### What you have to do
Pictures found in the material must be left out, and every line returned as written.

........

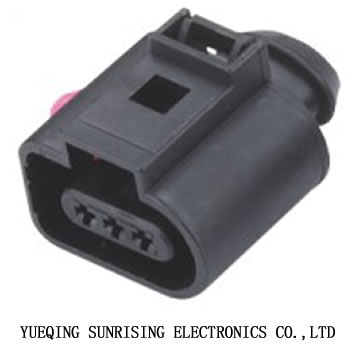  - auto bulb socket DJ7035B-1.5-21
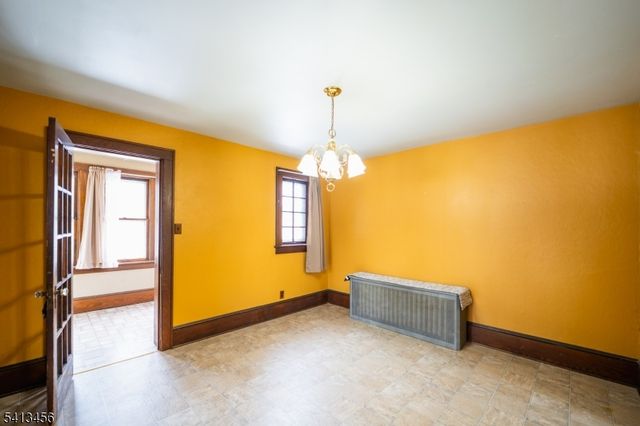 523 Corliss Ave, Phillipsburg Town, NJ 08865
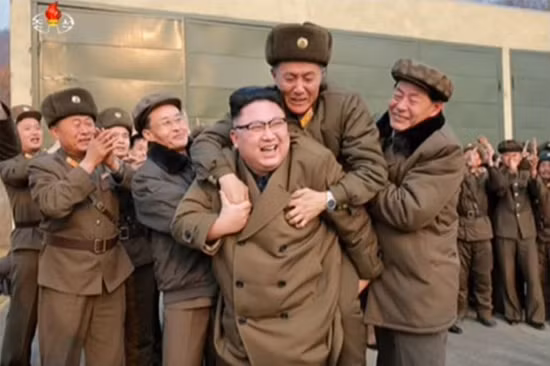 Thử tên lửa thành công, ông Kim Jong-un vui mừng cõng chuyên gia ảnh 1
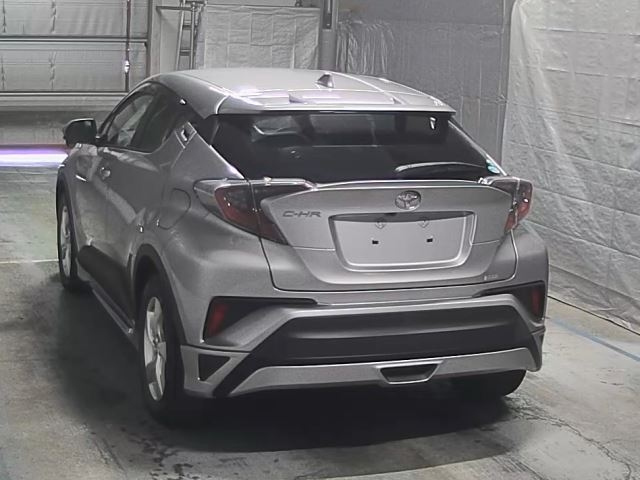 TOYOTA C-HR 2018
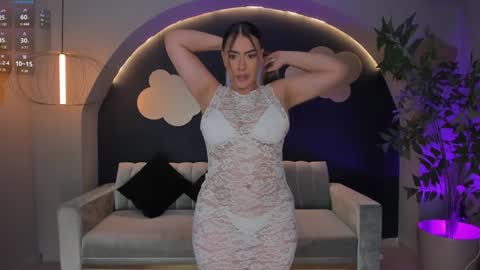 Martinna Bonnet online show from 4, 2, 2025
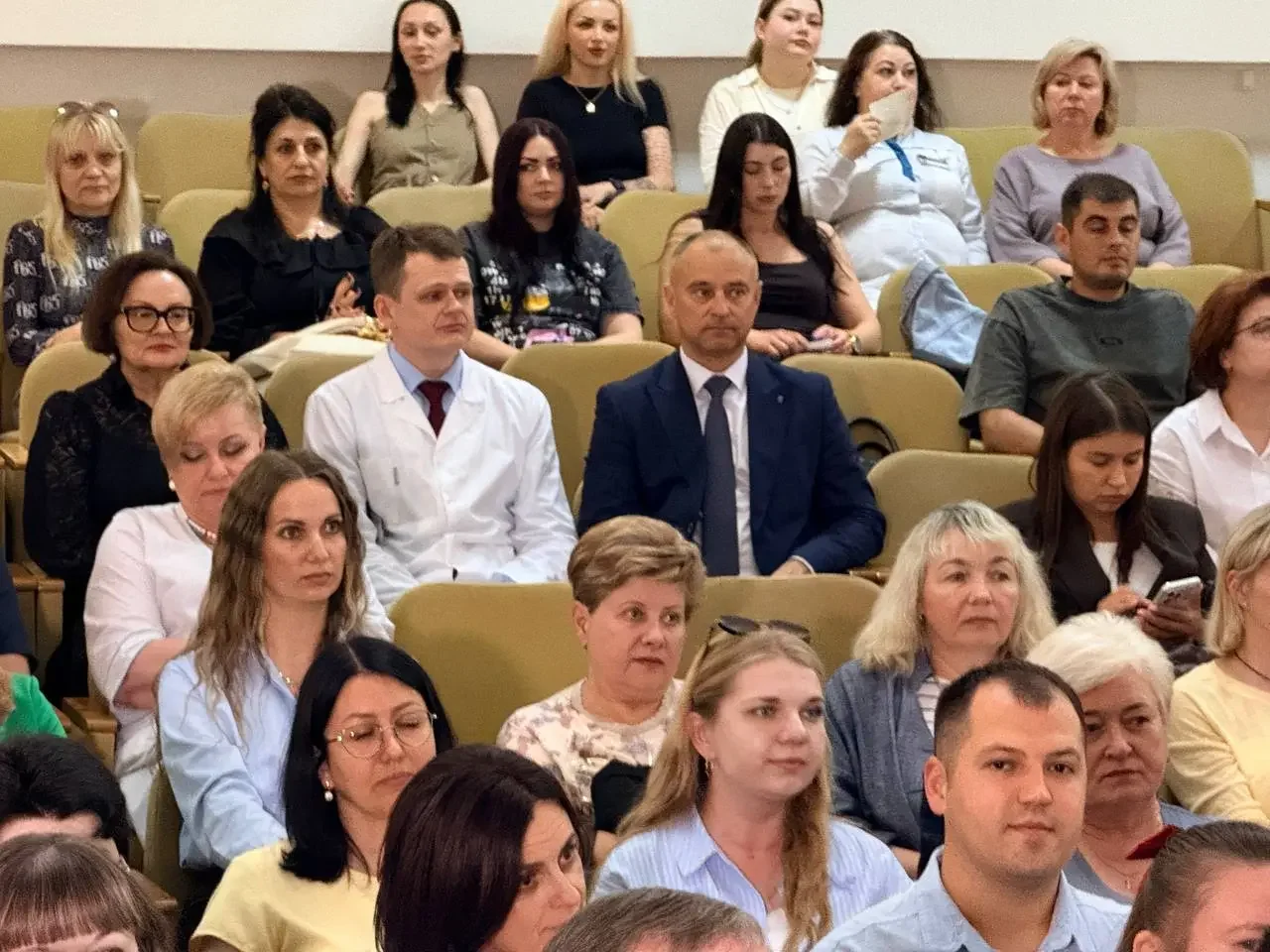 Руководители Бреста пришли в ЦГБ поздравить врачей
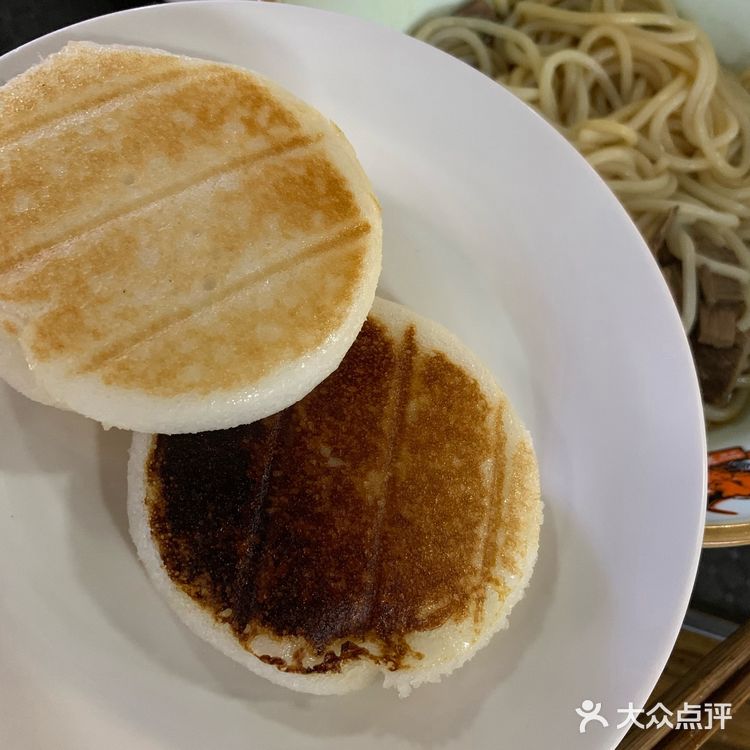 藕饺里面放了生姜稍微有点辣，蒿子粑粑蒿味很重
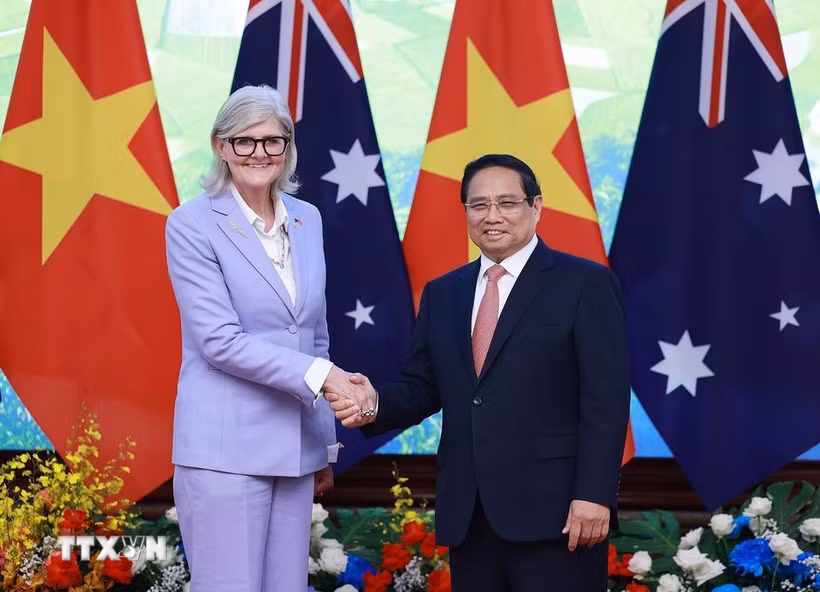 El primer ministro Pham Minh Chinh se reúne con el gobernador general de Australia, Sam Mostyn. (Foto: VNA)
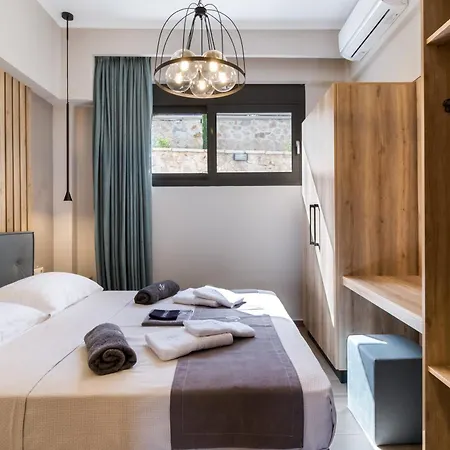 Ionian Hospitality & Apartament *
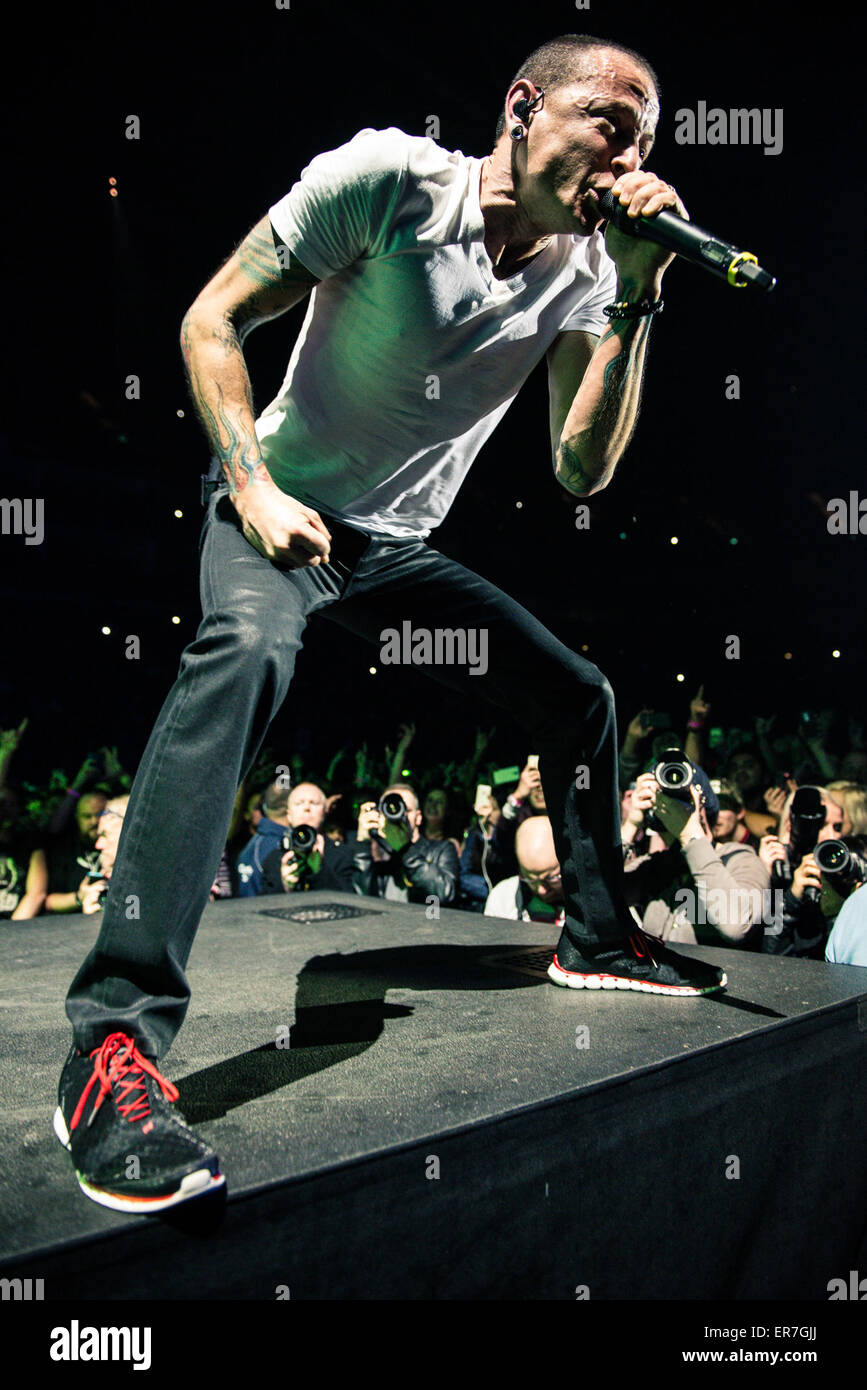 Linkin park in concert london hi-res stock photography and images - Alamy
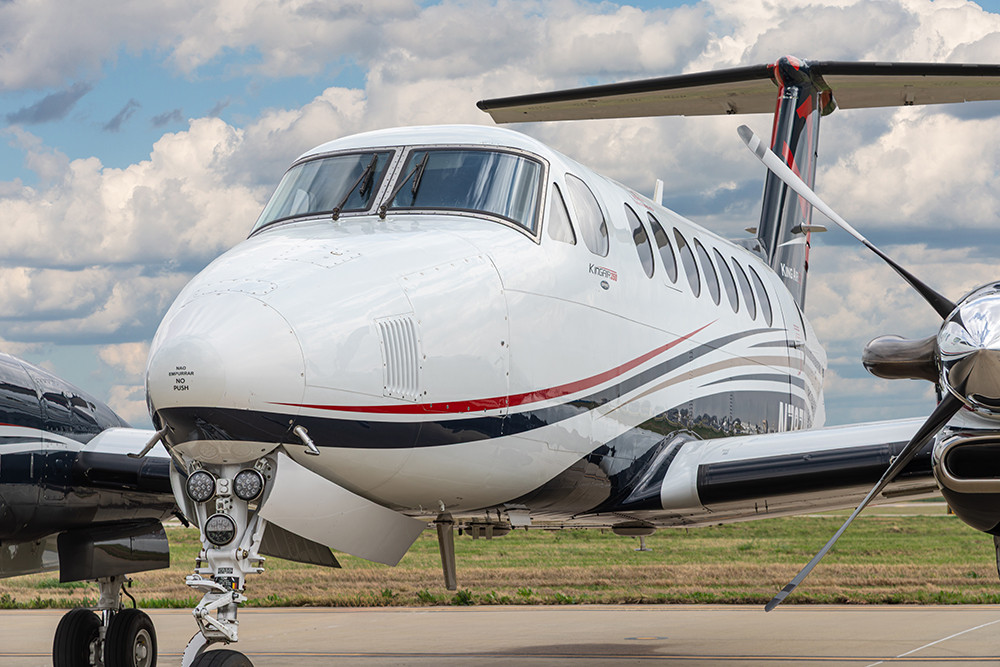 BEECHCRAFT KING AIR 350 photo 3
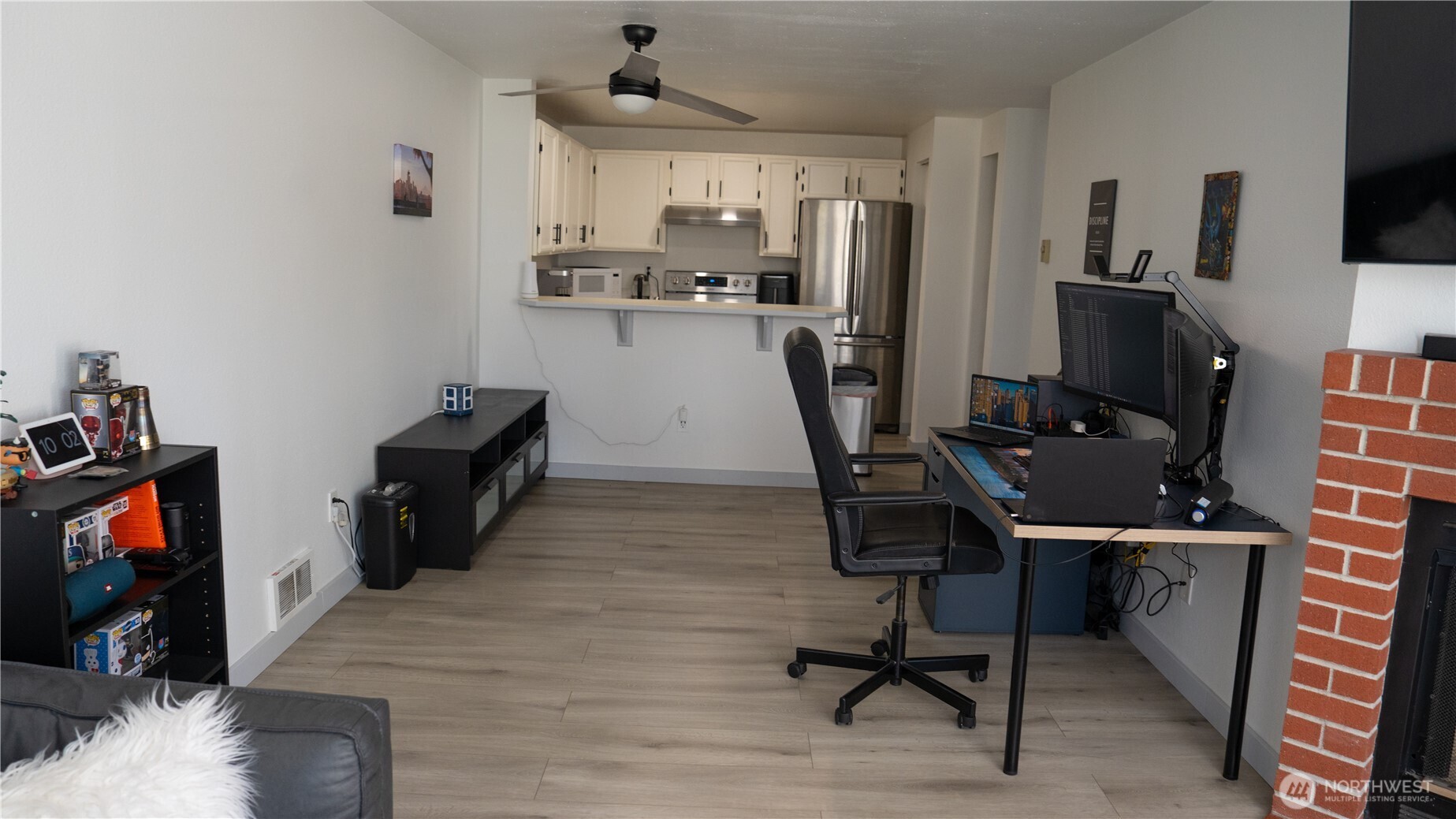 24616 45th Place Property Photo 10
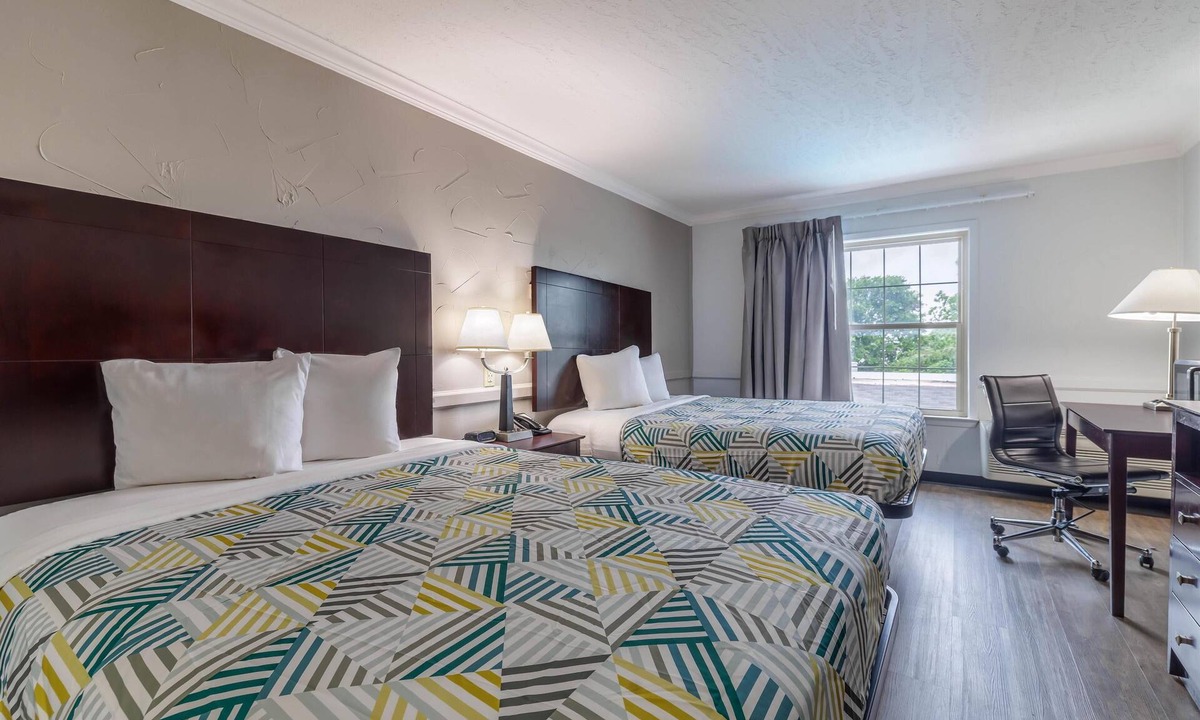 Dallas Design District Hotel | Studio 6 Suites - Dallas, TX - Downtown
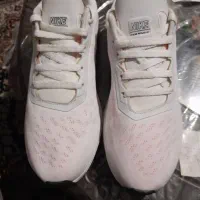 کتانی سفیدنایک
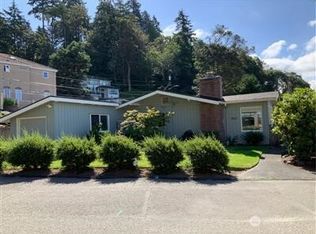 11822 Seola Beach Dr SW, Seattle, WA 98146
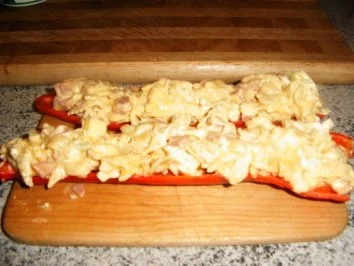 Spitzpaprika gefüllt mit einer Nudel-Wurstmasse - Rezept - Bild Nr. 5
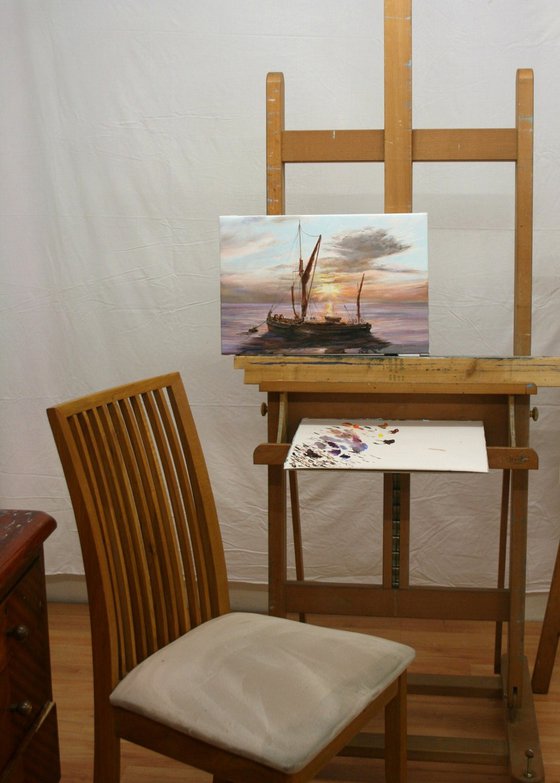 THAMES SAILING BARGE AT DAWN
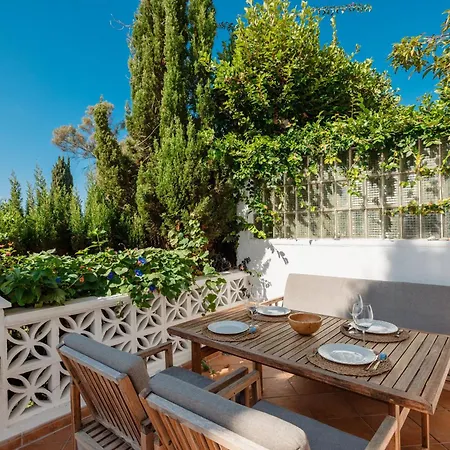 Cozy At The In Costabella, Marbella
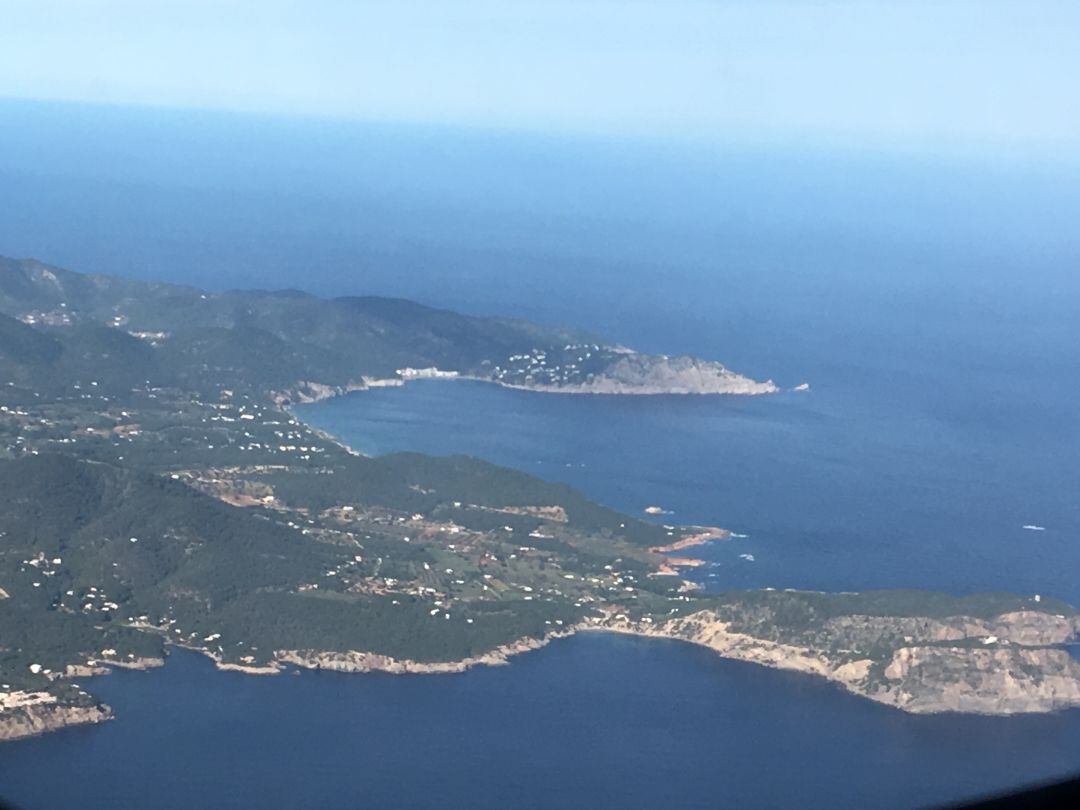 Vista aérea del litoral de Ibiza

........

### Exercise response
  - auto bulb socket DJ7035B-1.5-21
 523 Corliss Ave, Phillipsburg Town, NJ 08865
 Thử tên lửa thành công, ông Kim Jong-un vui mừng cõng chuyên gia ảnh 1
 TOYOTA C-HR 2018
 Martinna Bonnet online show from 4, 2, 2025
 Руководители Бреста пришли в ЦГБ поздравить врачей
 藕饺里面放了生姜稍微有点辣，蒿子粑粑蒿味很重
 El primer ministro Pham Minh Chinh se reúne con el gobernador general de Australia, Sam Mostyn. (Foto: VNA)
 Ionian Hospitality & Apartament *
 Linkin park in concert london hi-res stock photography and images - Alamy
 BEECHCRAFT KING AIR 350 photo 3
 24616 45th Place Property Photo 10
 Dallas Design District Hotel | Studio 6 Suites - Dallas, TX - Downtown
 کتانی سفیدنایک
 11822 Seola Beach Dr SW, Seattle, WA 98146
 Spitzpaprika gefüllt mit einer Nudel-Wurstmasse - Rezept - Bild Nr. 5
 THAMES SAILING BARGE AT DAWN
 Cozy At The In Costabella, Marbella
 Vista aérea del litoral de Ibiza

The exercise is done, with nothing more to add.